→ **Assignment**: Beginning at the line that holds "TEVA Women's Ridgeview", repeat every line through the last line of the material, exactly, and drop any pictures.
[[ Data supplied open ]]
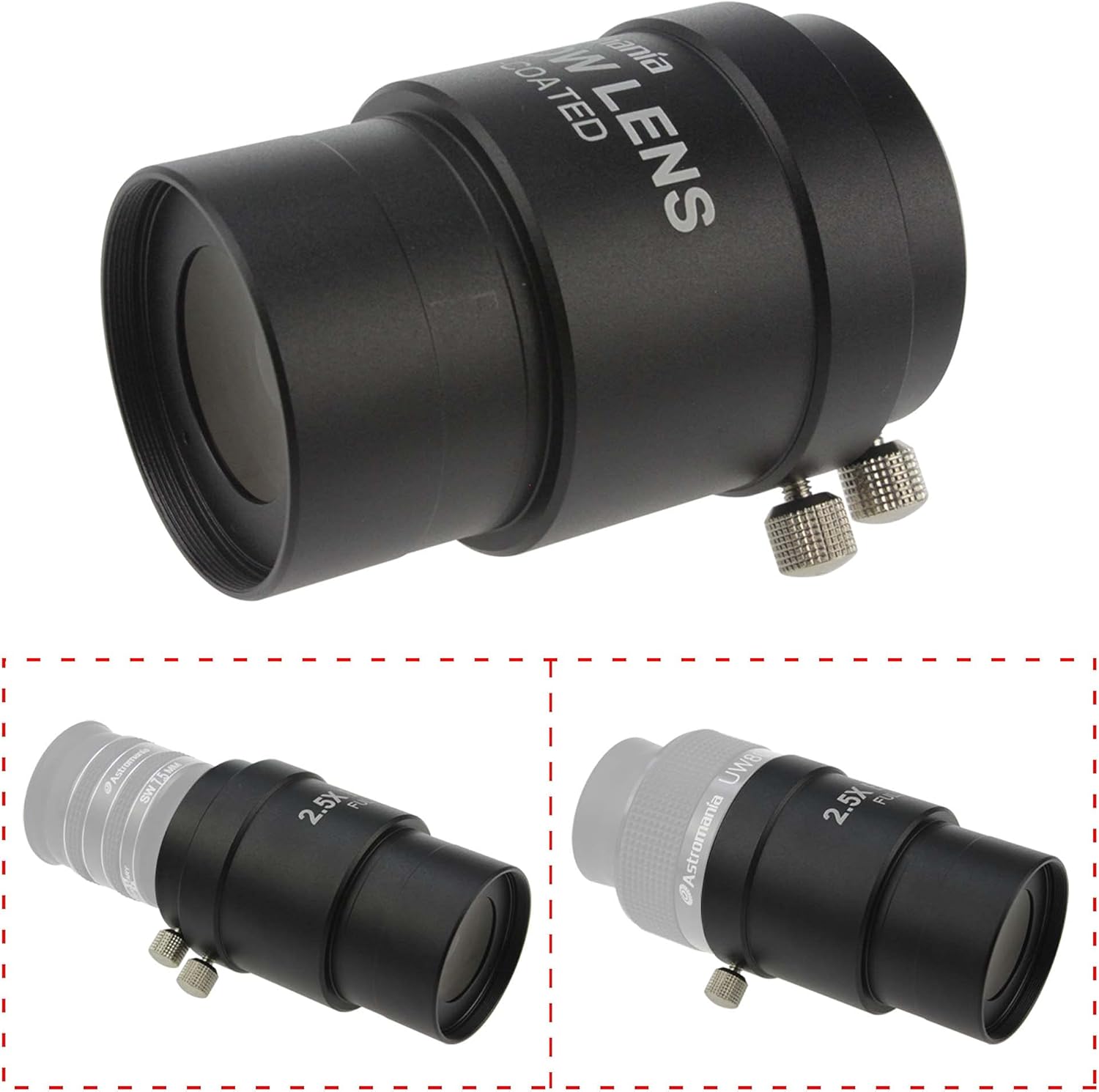 Lente Barlow 3x EBTOOLS Per Telescopi - Oculare 1.25'' Per Astronomia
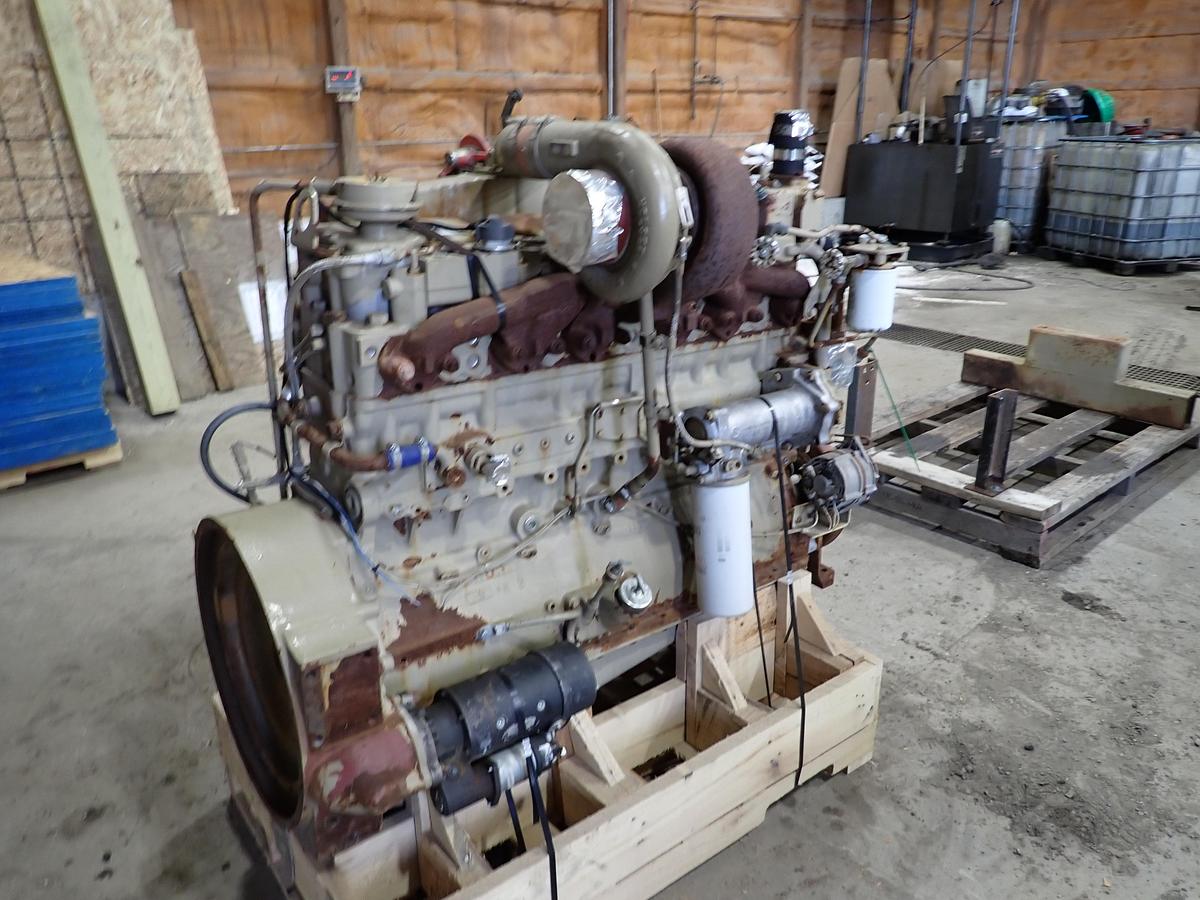 Used 1990 Cummins NTA855 G2 Diesel Engine 465 HP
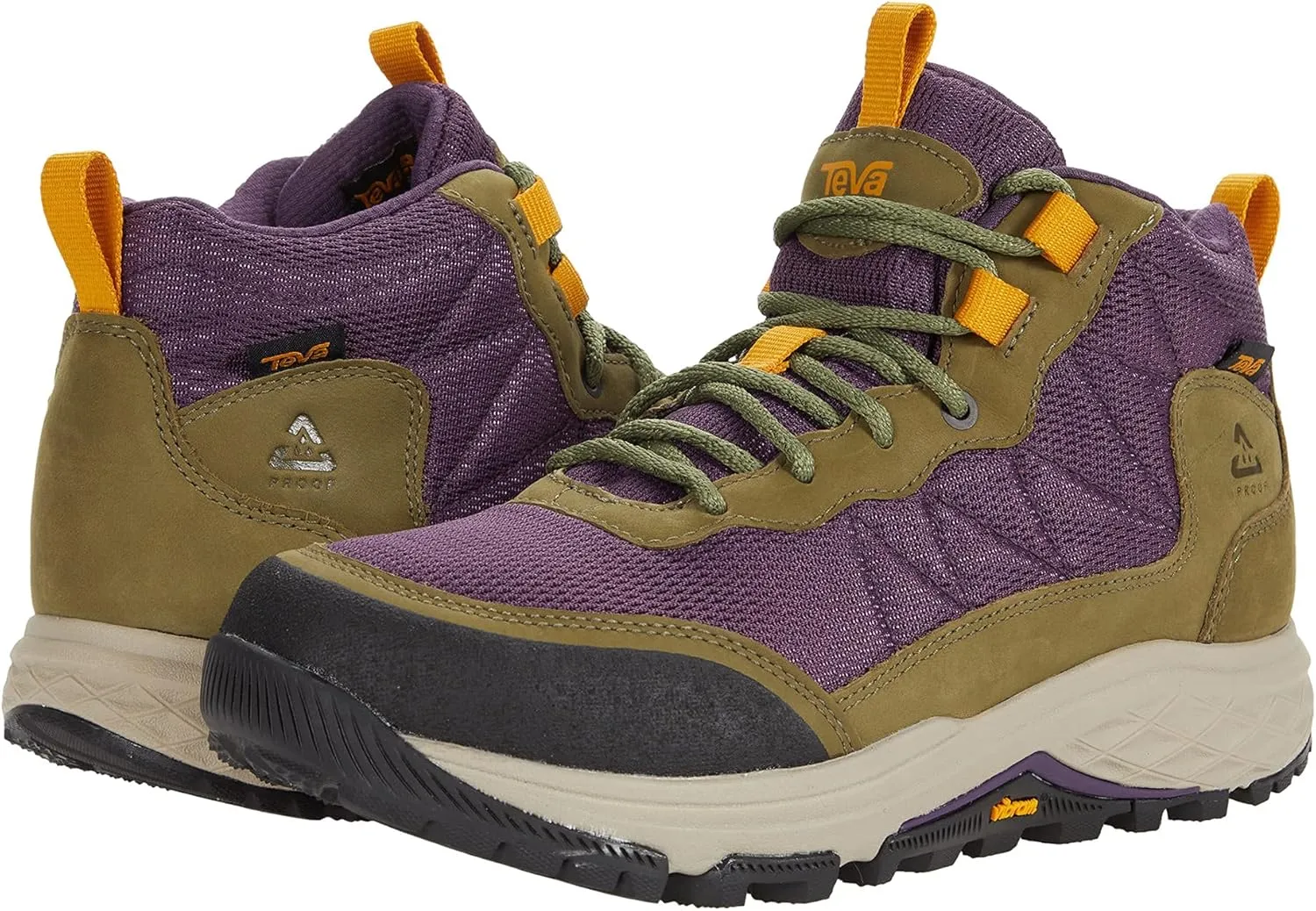 TEVA Women's Ridgeview Mid Durable Breathable Waterproof Hiking Boot
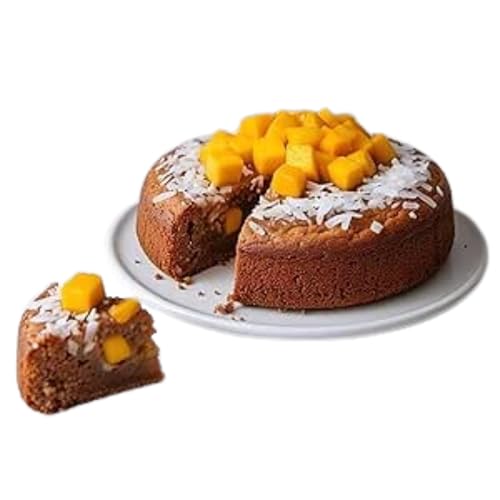 Andy Anand Sugar Free Dunked Mango Coconut Cake, Enjoy the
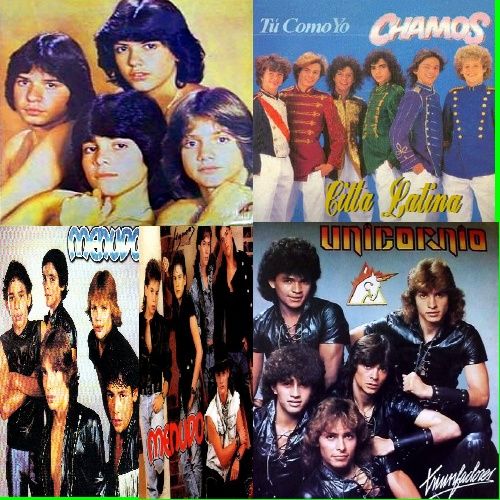 Grupos famosos de los 80 en Citta Latina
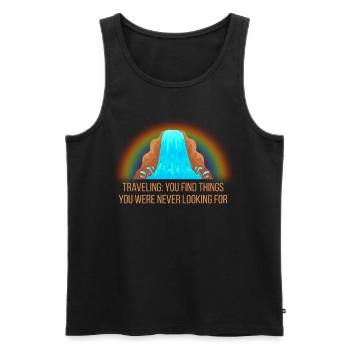 Reisen Reisender Reisender Urlaub, Urlauber Urlaub - Männer Premium Bio Tank Top - Schwarz - Vorne - AI Model Male 178 light (178cm)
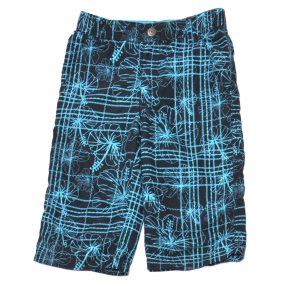 C&A - Sötétkék, virágmintás halásznadrág (116)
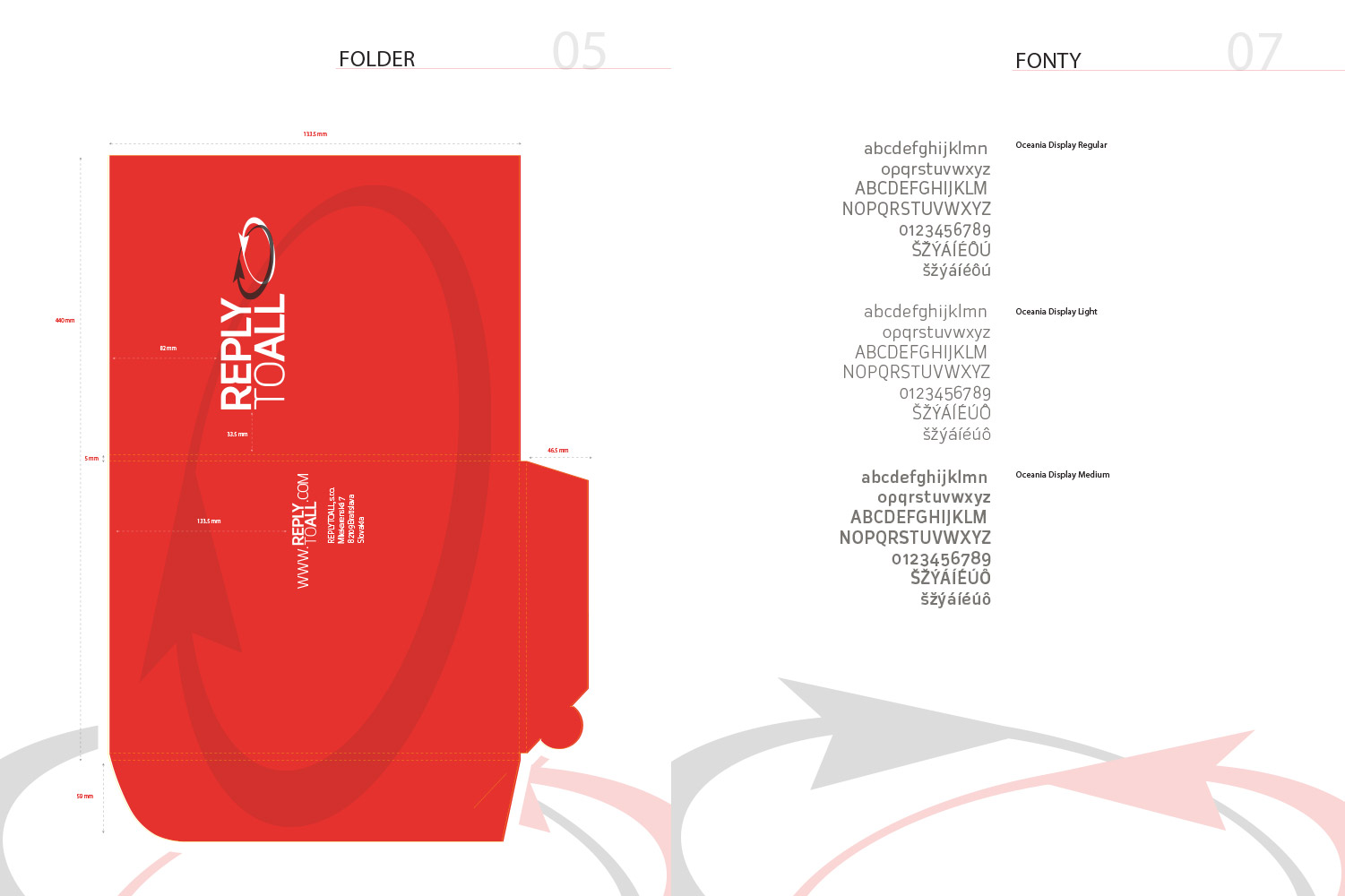 Reply to all, corporate identity image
[[ Data supplied closed ]]
→ **Result of the exercise**:
 TEVA Women's Ridgeview Mid Durable Breathable Waterproof Hiking Boot
 Andy Anand Sugar Free Dunked Mango Coconut Cake, Enjoy the
 Grupos famosos de los 80 en Citta Latina
 Reisen Reisender Reisender Urlaub, Urlauber Urlaub - Männer Premium Bio Tank Top - Schwarz - Vorne - AI Model Male 178 light (178cm)
 C&A - Sötétkék, virágmintás halásznadrág (116)
 Reply to all, corporate identity image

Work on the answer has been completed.